■ Activity ■
All that is wanted is the exact text of the lines below from the one with "Wholesale non sewing" through the one with "グラデーション変形スウェットパンツ/ブルー系(094)", inclusive, minus any pictures.
+ + + +
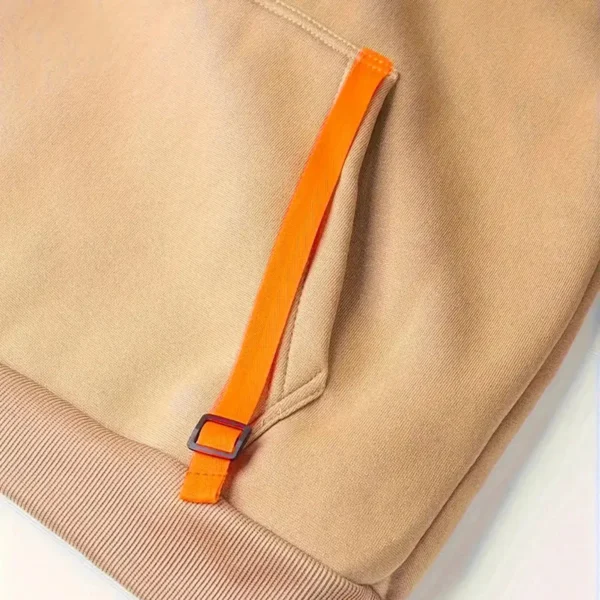 Performance Hoodie Half Zipper, Fan Edition Logo EPL110 - Khaki - Image 2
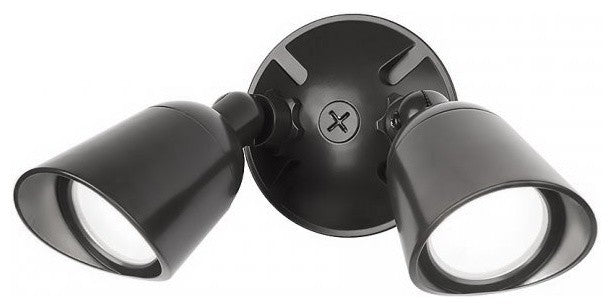 Endurance Double Spot LED Spot-Light 5000K Cool White, Architectural Black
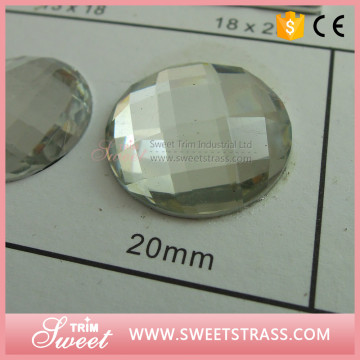 Wholesale non sewing epoxy rhinestone round 20mm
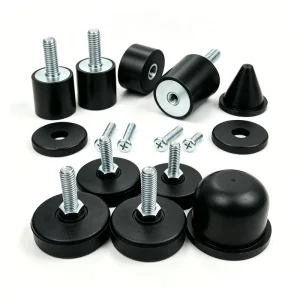 Factory Custom M4 M6 M8 M10 M12 M16 Thread Shock Absorber Spring Buffer Equipment Support Rubber Feet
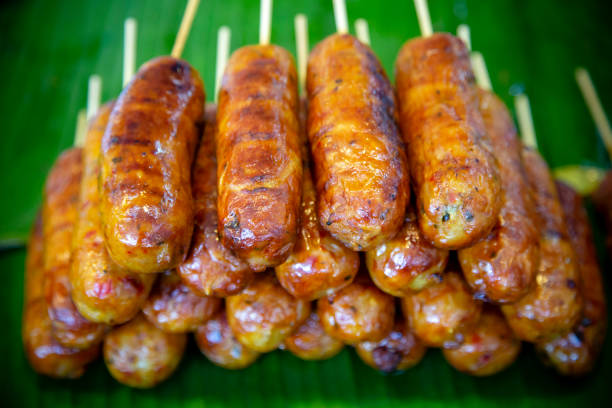 istock Thai Sausage Street Food 1128762691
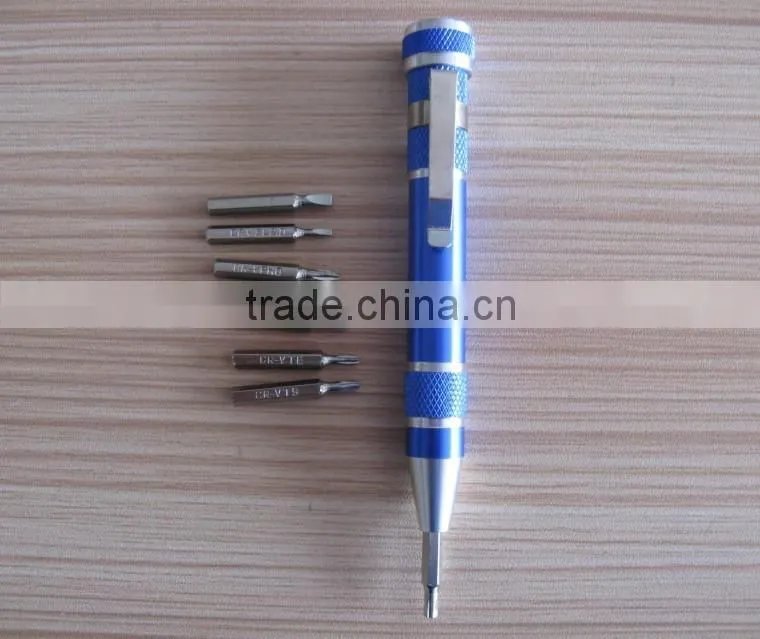 led aluminum alloy promotional pen with flashlight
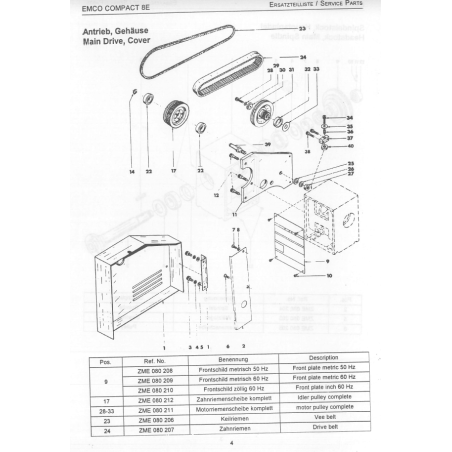 RIEMENSCHEIBENWELLE - Pos. 39 - Compact 8 E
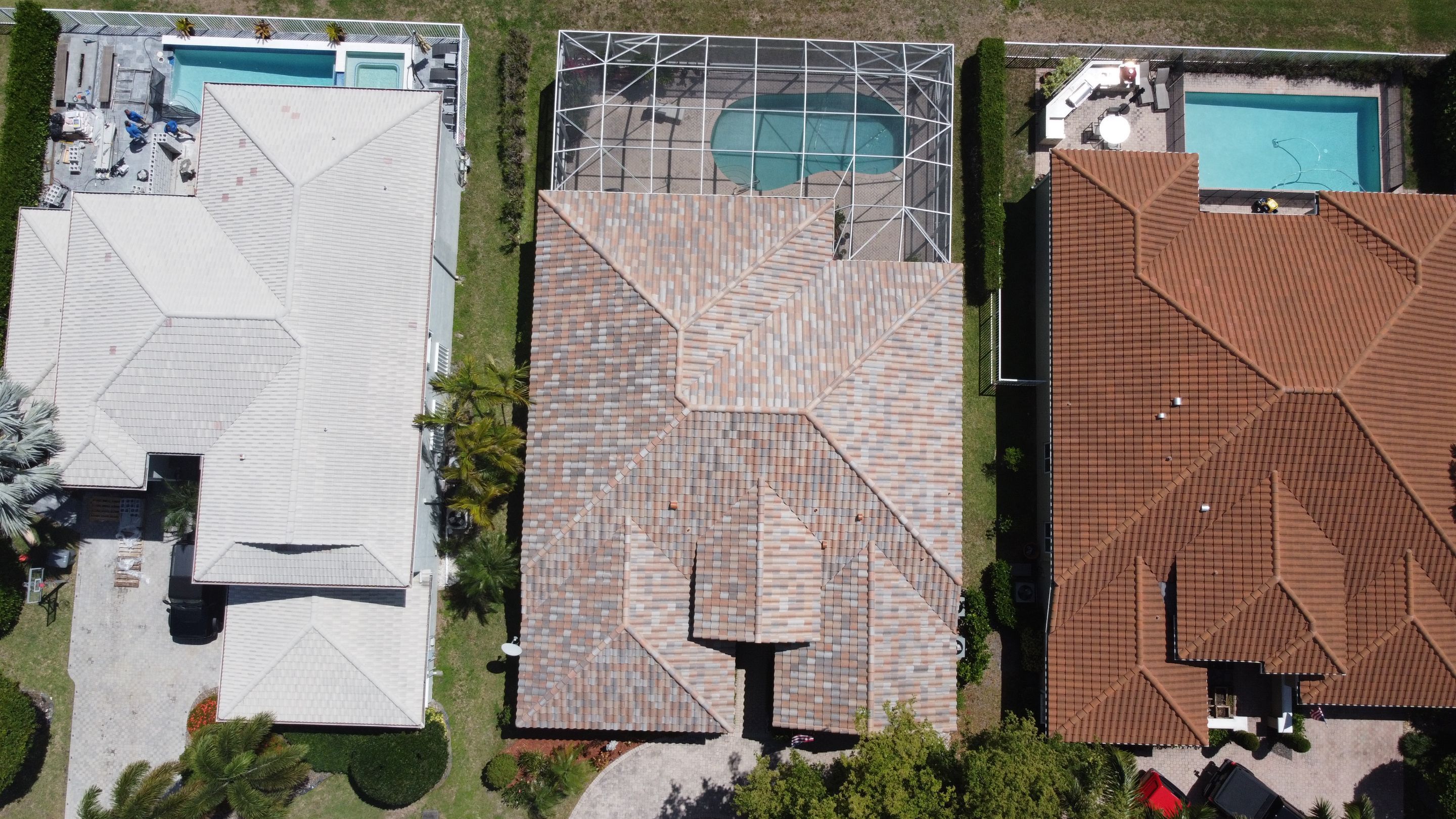 Residential Roofing Installation using Eagle Roofing Tile by BLUES BROTHERS ROOFING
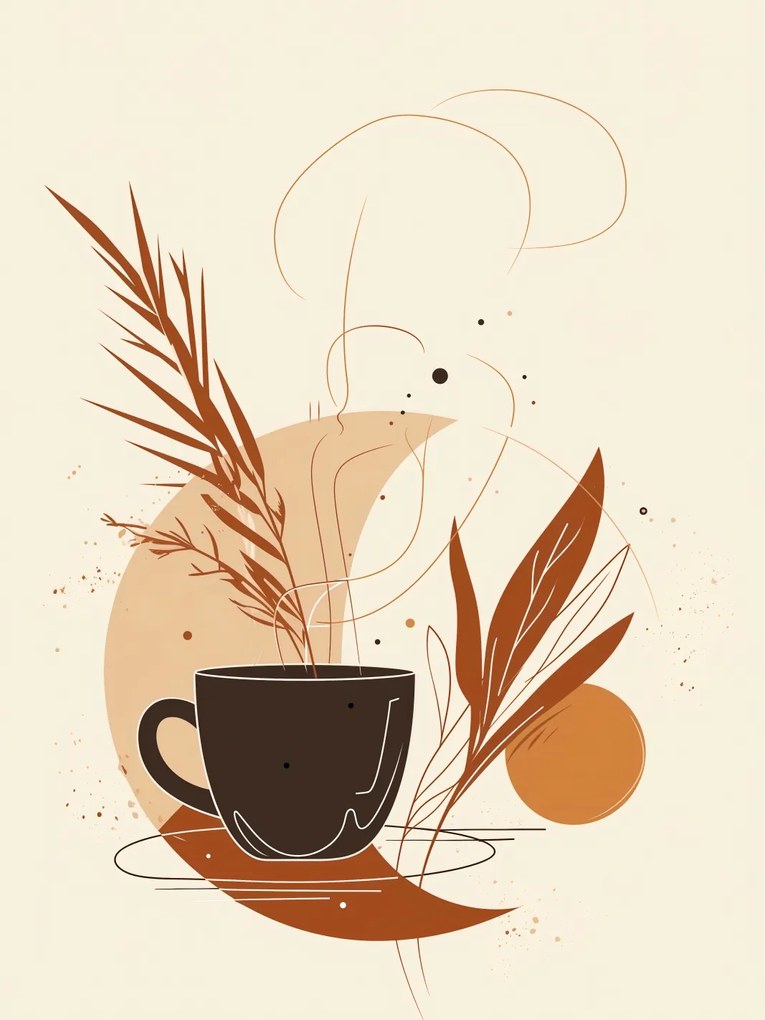 Poszter 75x100cm Reggeli kávémúzsa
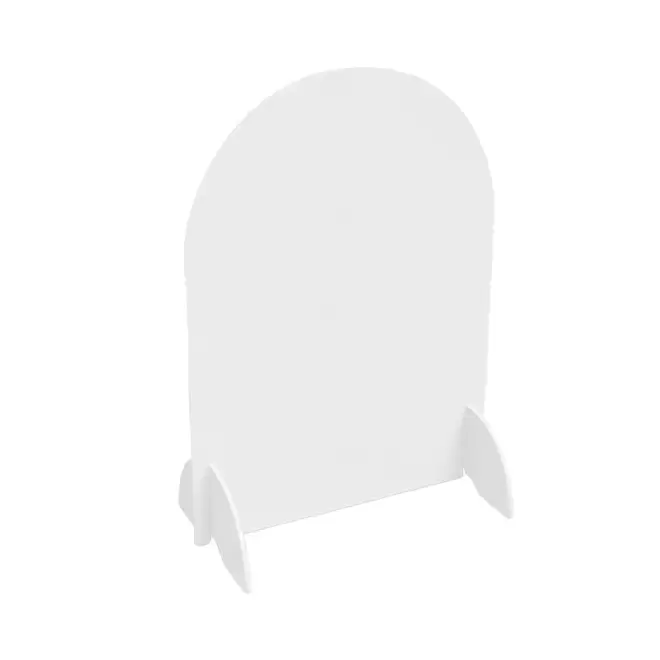 CHEVALET RIGIDE PERSONNALISABLE 'INFO ROND' - A4 portrait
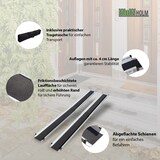 thumbnail of TRUTZHOLM 2 x Teleskoprampe 90 - 152 cm Traglast 272 Alu grau schwarz Antirutsch beschichtet inkl.Tasche Rollstuhlrampe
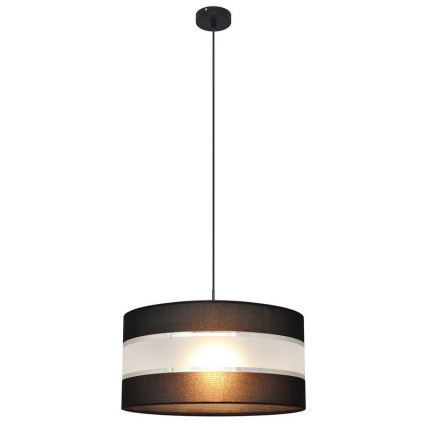 Pakabinamas sietynas HELEN 1xE27/15W/230V d. 40 cm juodas/sidabras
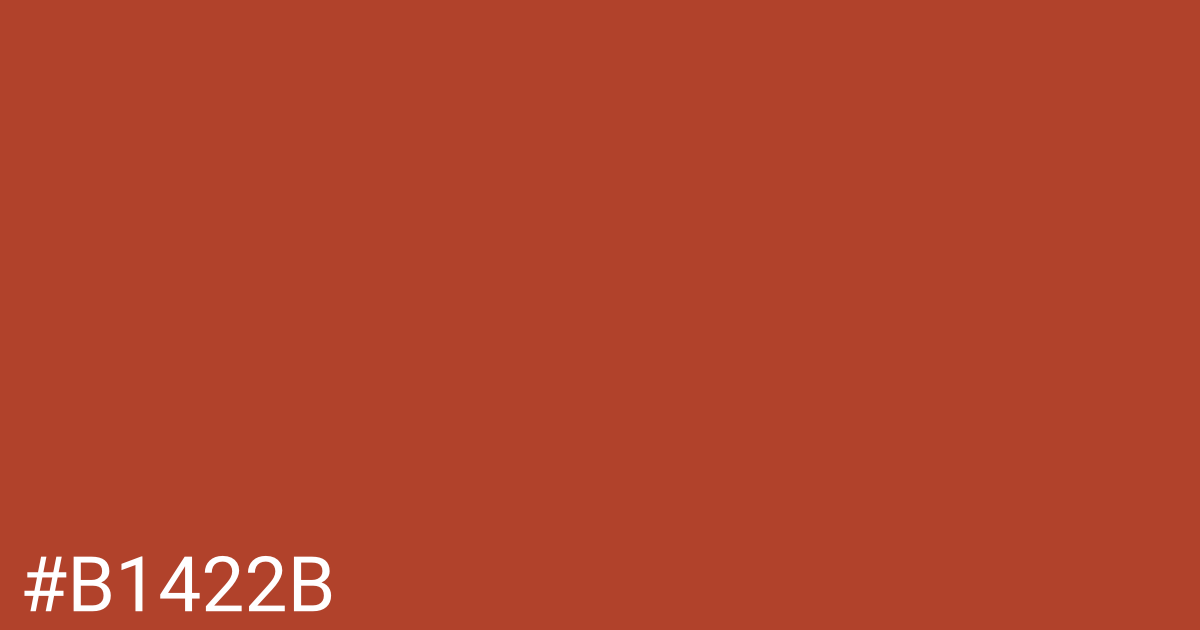 Hex color #b1422b graphic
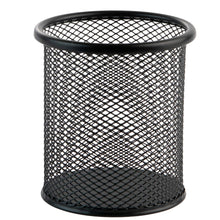Load image into Gallery viewer, Homeries Round Mesh Pen Pencil Holder for Desk, Office & School – Cylindrical Stationary Organizer Stand Cup to Keep Office Supplies Organized - Durable Aluminum Metal Construction 3 Pack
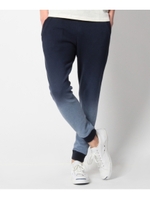 グラデーション変形スウェットパンツ/ブルー系(094)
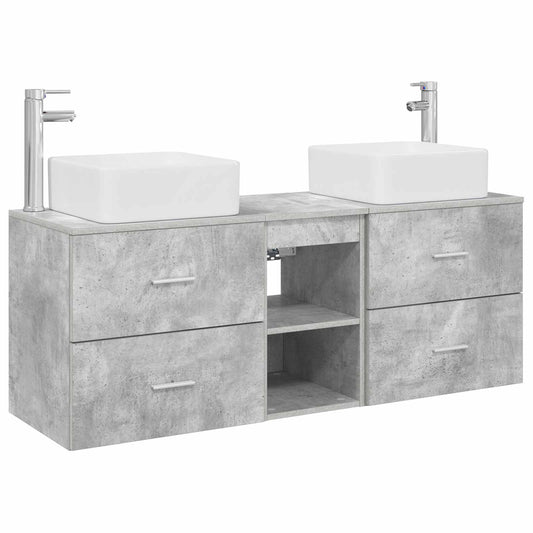 Bathroom Cabinet Set 3 pcs Concrete Grey 49.5 x 41 x 63 cm Bathroom Cabinet Set 3 pcs Concrete Grey 49.5 x 41 x 63 cm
+ + + +
■ Result of this task ■
 Wholesale non sewing epoxy rhinestone round 20mm
 Factory Custom M4 M6 M8 M10 M12 M16 Thread Shock Absorber Spring Buffer Equipment Support Rubber Feet
 istock Thai Sausage Street Food 1128762691
 led aluminum alloy promotional pen with flashlight
 RIEMENSCHEIBENWELLE - Pos. 39 - Compact 8 E
 Residential Roofing Installation using Eagle Roofing Tile by BLUES BROTHERS ROOFING
 Poszter 75x100cm Reggeli kávémúzsa
 CHEVALET RIGIDE PERSONNALISABLE 'INFO ROND' - A4 portrait
 thumbnail of TRUTZHOLM 2 x Teleskoprampe 90 - 152 cm Traglast 272 Alu grau schwarz Antirutsch beschichtet inkl.Tasche Rollstuhlrampe
 Pakabinamas sietynas HELEN 1xE27/15W/230V d. 40 cm juodas/sidabras
 Hex color #b1422b graphic
Load image into Gallery viewer, Homeries Round Mesh Pen Pencil Holder for Desk, Office & School – Cylindrical Stationary Organizer Stand Cup to Keep Office Supplies Organized - Durable Aluminum Metal Construction 3 Pack
 グラデーション変形スウェットパンツ/ブルー系(094)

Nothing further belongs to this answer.